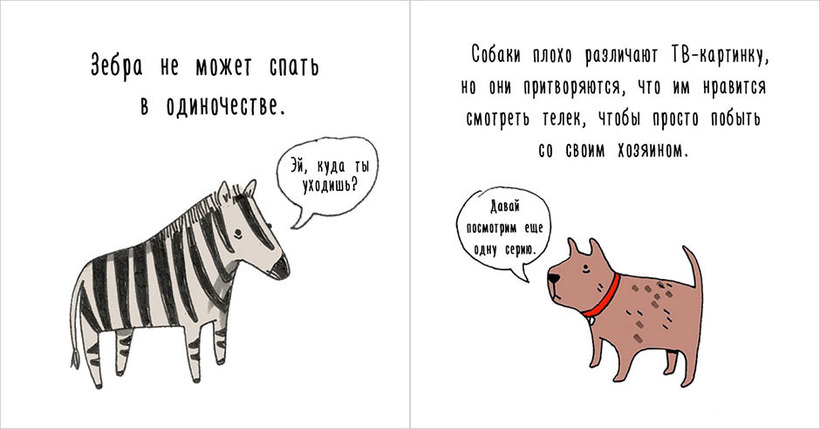 Блог - Грустные факты о животных от Брук Баркер, которые растрогают любого Грустные факты о животных от Брук Баркер, которые растрогают любого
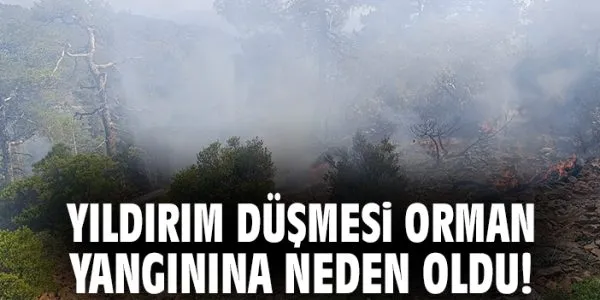 Denizli’de Orman Yangınına Hızlı Müdahale Başladı!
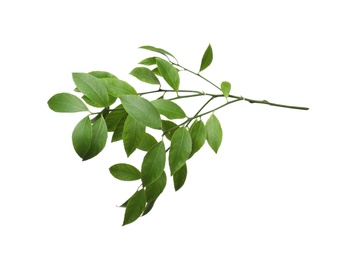Photo of Branch of tropical citrus plant with leaves isolated on white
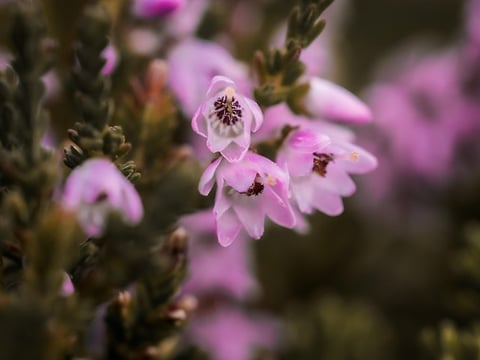 Arctic nature in the summertime, detail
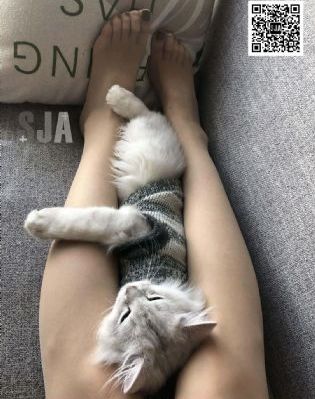 欧美大臂纹身男_BD英语超清在线观看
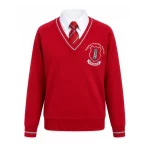 Towerview V Neck Sweater by Charles Kirk
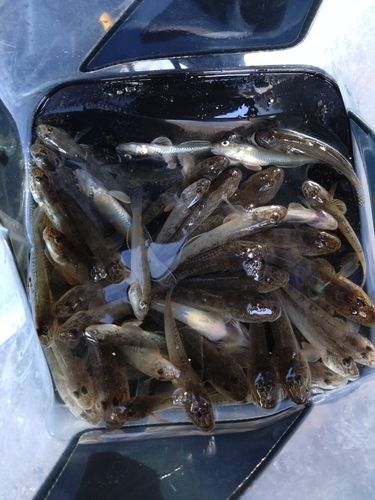 ハゼの釣果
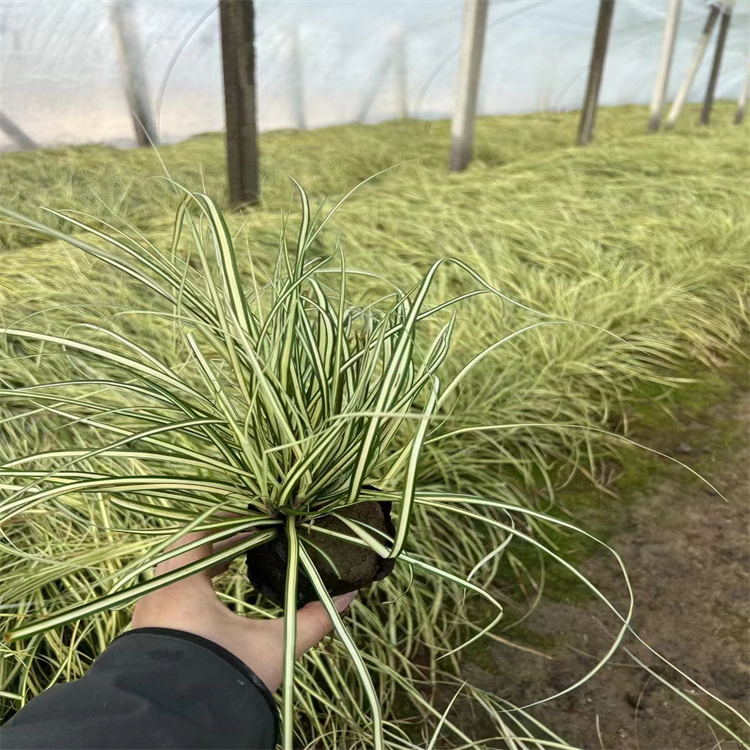 金葉苔草 來自長景園林 金葉苔草 來自長景園林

########################################

What to work on
Output only the lines running from the one containing "Towerview V Neck Sweater by Charles Kirk" to the end of the records, inclusive and exact; skip the pictures.

Result of the task
 Towerview V Neck Sweater by Charles Kirk
 ハゼの釣果
 金葉苔草 來自長景園林 金葉苔草 來自長景園林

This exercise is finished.